Listed records
Segment Open

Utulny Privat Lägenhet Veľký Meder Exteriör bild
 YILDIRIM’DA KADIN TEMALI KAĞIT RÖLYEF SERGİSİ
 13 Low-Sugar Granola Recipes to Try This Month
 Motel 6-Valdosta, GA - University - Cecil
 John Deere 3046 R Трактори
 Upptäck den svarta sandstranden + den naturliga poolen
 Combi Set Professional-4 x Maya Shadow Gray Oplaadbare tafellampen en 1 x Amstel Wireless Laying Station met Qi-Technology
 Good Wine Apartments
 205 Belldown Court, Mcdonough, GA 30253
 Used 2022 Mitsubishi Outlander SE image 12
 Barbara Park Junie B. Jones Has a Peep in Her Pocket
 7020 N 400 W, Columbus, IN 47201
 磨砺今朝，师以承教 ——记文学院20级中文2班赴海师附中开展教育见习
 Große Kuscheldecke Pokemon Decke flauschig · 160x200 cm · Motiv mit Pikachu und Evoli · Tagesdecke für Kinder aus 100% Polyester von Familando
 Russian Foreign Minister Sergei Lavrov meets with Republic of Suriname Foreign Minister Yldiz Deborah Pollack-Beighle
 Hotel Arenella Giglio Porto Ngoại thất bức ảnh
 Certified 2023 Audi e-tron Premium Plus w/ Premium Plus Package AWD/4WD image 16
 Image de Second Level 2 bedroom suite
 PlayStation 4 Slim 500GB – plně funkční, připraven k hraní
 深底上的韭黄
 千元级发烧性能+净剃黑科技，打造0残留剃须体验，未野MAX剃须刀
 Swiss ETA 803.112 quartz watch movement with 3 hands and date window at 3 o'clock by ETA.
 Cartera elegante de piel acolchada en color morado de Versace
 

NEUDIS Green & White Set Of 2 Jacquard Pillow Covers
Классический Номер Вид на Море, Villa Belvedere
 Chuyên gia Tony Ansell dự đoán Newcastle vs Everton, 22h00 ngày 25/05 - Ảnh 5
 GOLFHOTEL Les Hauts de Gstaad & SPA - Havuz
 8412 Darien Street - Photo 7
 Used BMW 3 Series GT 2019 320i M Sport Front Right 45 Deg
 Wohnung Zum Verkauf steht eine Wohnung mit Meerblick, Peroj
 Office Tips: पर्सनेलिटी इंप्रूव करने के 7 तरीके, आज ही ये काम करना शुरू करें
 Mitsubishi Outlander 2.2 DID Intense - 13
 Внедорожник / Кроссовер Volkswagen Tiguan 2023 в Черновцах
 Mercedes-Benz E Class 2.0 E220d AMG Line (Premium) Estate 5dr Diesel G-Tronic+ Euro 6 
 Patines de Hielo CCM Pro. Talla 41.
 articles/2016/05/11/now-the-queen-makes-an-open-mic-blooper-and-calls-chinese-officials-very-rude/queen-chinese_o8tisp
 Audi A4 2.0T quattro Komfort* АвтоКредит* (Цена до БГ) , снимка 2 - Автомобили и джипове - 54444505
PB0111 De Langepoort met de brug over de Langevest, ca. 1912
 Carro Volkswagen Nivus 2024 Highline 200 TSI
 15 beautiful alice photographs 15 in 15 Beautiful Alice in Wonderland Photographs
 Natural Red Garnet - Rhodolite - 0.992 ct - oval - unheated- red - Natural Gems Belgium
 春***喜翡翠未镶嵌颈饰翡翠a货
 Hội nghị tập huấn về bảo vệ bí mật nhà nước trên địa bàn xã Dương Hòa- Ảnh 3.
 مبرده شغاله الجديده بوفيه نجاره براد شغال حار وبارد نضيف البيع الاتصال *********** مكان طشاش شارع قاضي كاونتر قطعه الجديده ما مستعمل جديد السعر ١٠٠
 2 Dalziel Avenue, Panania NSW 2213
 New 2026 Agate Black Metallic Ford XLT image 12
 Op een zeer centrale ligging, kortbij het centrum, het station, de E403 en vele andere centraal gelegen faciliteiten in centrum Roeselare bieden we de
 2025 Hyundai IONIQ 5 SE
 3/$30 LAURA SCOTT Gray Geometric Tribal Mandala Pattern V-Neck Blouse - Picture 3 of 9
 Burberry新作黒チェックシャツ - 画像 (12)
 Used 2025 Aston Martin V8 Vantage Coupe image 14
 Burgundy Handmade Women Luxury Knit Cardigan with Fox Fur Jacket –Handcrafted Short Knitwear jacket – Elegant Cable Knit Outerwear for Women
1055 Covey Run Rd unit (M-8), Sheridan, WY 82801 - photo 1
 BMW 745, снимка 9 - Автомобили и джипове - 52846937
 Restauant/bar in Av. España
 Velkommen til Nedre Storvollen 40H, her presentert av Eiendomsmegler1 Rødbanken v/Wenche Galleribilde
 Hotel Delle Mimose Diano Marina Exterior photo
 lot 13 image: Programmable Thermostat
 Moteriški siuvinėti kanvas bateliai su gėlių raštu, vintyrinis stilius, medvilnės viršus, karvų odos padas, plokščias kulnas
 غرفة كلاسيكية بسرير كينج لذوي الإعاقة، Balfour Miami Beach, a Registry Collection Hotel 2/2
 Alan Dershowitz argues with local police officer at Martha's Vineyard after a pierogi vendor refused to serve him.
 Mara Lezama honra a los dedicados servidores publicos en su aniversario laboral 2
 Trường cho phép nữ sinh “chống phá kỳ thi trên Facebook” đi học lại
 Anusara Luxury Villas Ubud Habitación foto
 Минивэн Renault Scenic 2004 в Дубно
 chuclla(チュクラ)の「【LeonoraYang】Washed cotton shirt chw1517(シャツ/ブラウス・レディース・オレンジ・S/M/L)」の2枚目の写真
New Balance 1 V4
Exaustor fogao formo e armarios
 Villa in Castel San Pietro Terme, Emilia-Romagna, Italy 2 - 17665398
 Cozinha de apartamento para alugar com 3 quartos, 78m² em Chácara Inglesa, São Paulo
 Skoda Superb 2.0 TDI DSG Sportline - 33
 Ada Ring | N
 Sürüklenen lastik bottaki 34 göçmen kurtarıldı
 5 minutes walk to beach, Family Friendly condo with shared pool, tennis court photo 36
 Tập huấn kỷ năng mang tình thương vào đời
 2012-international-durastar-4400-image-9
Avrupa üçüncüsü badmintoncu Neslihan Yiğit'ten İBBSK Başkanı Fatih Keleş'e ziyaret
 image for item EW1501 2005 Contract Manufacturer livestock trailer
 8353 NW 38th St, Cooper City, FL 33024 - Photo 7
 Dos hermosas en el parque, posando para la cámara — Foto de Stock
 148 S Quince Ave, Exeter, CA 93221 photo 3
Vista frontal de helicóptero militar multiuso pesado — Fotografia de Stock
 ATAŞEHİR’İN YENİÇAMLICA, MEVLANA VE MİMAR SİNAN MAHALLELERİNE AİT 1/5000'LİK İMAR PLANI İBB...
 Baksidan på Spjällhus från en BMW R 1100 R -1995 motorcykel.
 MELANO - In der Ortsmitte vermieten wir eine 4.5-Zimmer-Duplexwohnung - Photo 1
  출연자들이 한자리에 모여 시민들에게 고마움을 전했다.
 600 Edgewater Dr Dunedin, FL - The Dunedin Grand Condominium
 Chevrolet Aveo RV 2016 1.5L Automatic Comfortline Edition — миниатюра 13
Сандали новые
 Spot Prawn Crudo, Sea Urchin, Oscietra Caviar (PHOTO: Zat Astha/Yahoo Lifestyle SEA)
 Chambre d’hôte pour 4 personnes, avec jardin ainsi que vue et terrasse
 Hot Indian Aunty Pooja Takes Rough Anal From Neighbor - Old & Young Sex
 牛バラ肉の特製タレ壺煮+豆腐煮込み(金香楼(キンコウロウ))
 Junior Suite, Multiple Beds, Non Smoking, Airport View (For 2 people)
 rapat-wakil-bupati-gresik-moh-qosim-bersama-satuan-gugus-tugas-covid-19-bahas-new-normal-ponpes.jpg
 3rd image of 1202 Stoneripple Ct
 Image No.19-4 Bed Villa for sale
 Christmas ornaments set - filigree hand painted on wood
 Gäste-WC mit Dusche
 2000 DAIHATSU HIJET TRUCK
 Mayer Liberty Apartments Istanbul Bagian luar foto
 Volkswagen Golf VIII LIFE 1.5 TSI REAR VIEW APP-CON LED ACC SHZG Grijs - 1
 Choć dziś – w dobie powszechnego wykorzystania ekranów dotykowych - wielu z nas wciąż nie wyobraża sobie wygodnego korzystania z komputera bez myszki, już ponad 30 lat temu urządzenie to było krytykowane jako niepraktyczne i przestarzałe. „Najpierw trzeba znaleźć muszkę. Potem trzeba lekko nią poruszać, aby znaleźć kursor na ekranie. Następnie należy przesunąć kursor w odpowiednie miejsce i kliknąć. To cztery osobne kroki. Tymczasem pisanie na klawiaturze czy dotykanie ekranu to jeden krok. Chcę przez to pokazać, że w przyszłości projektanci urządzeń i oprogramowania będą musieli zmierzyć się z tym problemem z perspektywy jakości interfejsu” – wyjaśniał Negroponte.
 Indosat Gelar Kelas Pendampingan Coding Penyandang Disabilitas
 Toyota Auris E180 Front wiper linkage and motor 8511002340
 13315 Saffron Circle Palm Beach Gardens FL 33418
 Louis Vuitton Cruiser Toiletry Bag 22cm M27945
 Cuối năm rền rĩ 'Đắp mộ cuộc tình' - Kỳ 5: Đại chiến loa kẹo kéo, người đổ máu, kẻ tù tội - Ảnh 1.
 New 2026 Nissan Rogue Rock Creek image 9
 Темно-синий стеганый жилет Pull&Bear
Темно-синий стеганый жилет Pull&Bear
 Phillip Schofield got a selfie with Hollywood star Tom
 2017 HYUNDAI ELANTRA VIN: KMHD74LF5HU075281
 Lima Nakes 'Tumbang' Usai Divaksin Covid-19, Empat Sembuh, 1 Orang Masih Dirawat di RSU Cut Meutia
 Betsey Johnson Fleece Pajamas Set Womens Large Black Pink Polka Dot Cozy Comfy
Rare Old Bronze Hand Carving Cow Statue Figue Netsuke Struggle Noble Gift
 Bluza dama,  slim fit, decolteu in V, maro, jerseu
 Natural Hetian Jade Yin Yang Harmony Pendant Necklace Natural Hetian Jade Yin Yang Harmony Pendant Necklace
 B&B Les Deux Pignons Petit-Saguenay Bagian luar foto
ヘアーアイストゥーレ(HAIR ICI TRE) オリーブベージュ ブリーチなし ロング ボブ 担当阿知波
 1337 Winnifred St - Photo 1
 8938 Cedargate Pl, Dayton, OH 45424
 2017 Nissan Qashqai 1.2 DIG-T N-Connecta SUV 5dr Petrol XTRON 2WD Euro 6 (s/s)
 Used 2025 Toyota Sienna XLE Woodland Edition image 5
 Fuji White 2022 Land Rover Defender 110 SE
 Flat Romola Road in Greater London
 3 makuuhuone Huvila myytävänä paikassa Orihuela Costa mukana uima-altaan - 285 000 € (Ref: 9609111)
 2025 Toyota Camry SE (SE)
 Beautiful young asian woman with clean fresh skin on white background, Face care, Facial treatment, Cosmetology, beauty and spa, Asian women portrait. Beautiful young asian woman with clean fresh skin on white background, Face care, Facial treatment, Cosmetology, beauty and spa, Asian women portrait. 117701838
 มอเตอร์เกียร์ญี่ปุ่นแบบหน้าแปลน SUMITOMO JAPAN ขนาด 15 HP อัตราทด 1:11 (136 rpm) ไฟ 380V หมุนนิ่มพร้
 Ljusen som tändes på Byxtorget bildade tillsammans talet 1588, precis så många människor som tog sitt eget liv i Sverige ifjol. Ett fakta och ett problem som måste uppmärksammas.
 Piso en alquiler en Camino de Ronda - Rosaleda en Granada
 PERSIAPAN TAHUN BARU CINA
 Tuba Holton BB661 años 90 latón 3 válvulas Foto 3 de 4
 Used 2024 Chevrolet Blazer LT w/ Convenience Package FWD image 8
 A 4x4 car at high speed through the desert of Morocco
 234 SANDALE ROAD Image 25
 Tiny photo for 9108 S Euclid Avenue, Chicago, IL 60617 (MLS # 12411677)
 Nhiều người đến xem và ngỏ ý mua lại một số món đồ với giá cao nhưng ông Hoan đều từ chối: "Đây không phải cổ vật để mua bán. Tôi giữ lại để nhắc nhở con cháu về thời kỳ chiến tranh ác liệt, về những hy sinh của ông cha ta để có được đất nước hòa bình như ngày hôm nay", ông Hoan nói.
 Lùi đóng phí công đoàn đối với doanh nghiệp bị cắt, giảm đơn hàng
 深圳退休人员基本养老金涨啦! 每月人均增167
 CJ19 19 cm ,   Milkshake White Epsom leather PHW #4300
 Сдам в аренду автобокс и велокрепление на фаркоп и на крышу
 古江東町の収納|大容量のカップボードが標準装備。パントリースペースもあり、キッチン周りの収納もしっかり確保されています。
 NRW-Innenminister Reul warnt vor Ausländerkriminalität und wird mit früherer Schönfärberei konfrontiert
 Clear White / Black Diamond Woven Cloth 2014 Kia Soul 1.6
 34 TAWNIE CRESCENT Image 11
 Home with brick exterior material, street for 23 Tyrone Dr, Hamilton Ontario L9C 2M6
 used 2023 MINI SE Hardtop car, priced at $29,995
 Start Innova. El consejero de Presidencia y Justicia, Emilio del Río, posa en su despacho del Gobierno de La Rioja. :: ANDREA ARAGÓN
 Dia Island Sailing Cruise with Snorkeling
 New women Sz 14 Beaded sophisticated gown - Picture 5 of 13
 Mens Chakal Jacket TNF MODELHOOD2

Segment Closed

What you have to do
Print, without alteration, only the lines above between the one holding "Betsey Johnson Fleece" and the one holding "Tuba Holton BB661", inclusive.

Exercise output
 Betsey Johnson Fleece Pajamas Set Womens Large Black Pink Polka Dot Cozy Comfy
Rare Old Bronze Hand Carving Cow Statue Figue Netsuke Struggle Noble Gift
 Bluza dama,  slim fit, decolteu in V, maro, jerseu
 Natural Hetian Jade Yin Yang Harmony Pendant Necklace Natural Hetian Jade Yin Yang Harmony Pendant Necklace
 B&B Les Deux Pignons Petit-Saguenay Bagian luar foto
ヘアーアイストゥーレ(HAIR ICI TRE) オリーブベージュ ブリーチなし ロング ボブ 担当阿知波
 1337 Winnifred St - Photo 1
 8938 Cedargate Pl, Dayton, OH 45424
 2017 Nissan Qashqai 1.2 DIG-T N-Connecta SUV 5dr Petrol XTRON 2WD Euro 6 (s/s)
 Used 2025 Toyota Sienna XLE Woodland Edition image 5
 Fuji White 2022 Land Rover Defender 110 SE
 Flat Romola Road in Greater London
 3 makuuhuone Huvila myytävänä paikassa Orihuela Costa mukana uima-altaan - 285 000 € (Ref: 9609111)
 2025 Toyota Camry SE (SE)
 Beautiful young asian woman with clean fresh skin on white background, Face care, Facial treatment, Cosmetology, beauty and spa, Asian women portrait. Beautiful young asian woman with clean fresh skin on white background, Face care, Facial treatment, Cosmetology, beauty and spa, Asian women portrait. 117701838
 มอเตอร์เกียร์ญี่ปุ่นแบบหน้าแปลน SUMITOMO JAPAN ขนาด 15 HP อัตราทด 1:11 (136 rpm) ไฟ 380V หมุนนิ่มพร้
 Ljusen som tändes på Byxtorget bildade tillsammans talet 1588, precis så många människor som tog sitt eget liv i Sverige ifjol. Ett fakta och ett problem som måste uppmärksammas.
 Piso en alquiler en Camino de Ronda - Rosaleda en Granada
 PERSIAPAN TAHUN BARU CINA
 Tuba Holton BB661 años 90 latón 3 válvulas Foto 3 de 4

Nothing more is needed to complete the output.